Charlie Wade (born October 8, 1963) is the head coach of the University of Hawaii men's volleyball program.

Coaching career
Wade spent 11 years at the University of Hawai'i with the Rainbow Wahine volleyball staff, nine as an associate coach to Dave Shoji, help guiding Hawaii to 11 conference championships, 11 consecutive NCAA tournament appearances, six Regional Finals, and four Final Fours. During that time span, Hawaii held a conference record of 160-1, an overall record of 310-39 and an NCAA Championship match in 1996. Wade was also instrumental in producing eight All-Americans and 18 All-America awards, including two National Players of the Year.

Wade departed Hawaii after the 2005 season to accept the head coaching position for the women's team at Pacific. Wade served as head coach of the women's volleyball program at the University of the Pacific from 2006–2008.

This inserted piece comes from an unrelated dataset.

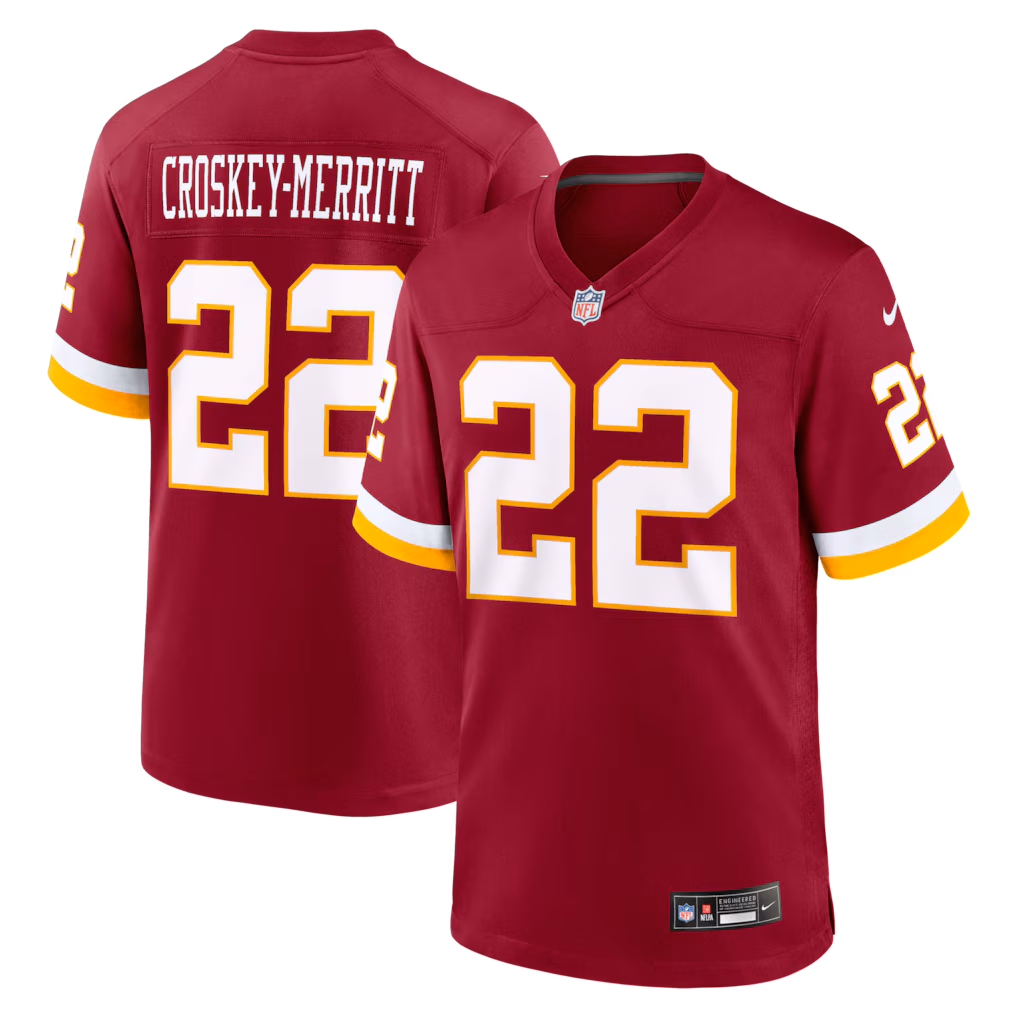 Men's Washington Commanders Jacory Croskey-Merritt Nike Burgundy Game Jersey - Ujersey Shop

After being out of coaching for a year, Wade was named head coach for the men's team at the University of Hawaii following the resignation of Mike Wilton.

After leading the Rainbow Warriors to the NCAA title match, Wade was named 2019 AVCA Coach of the Year.

Personal life and education

In 1981, Wade graduated Warsaw Community High School (Warsaw, IN), and received a bachelor's degree in kinesiology from Cal State Fullerton in 1991.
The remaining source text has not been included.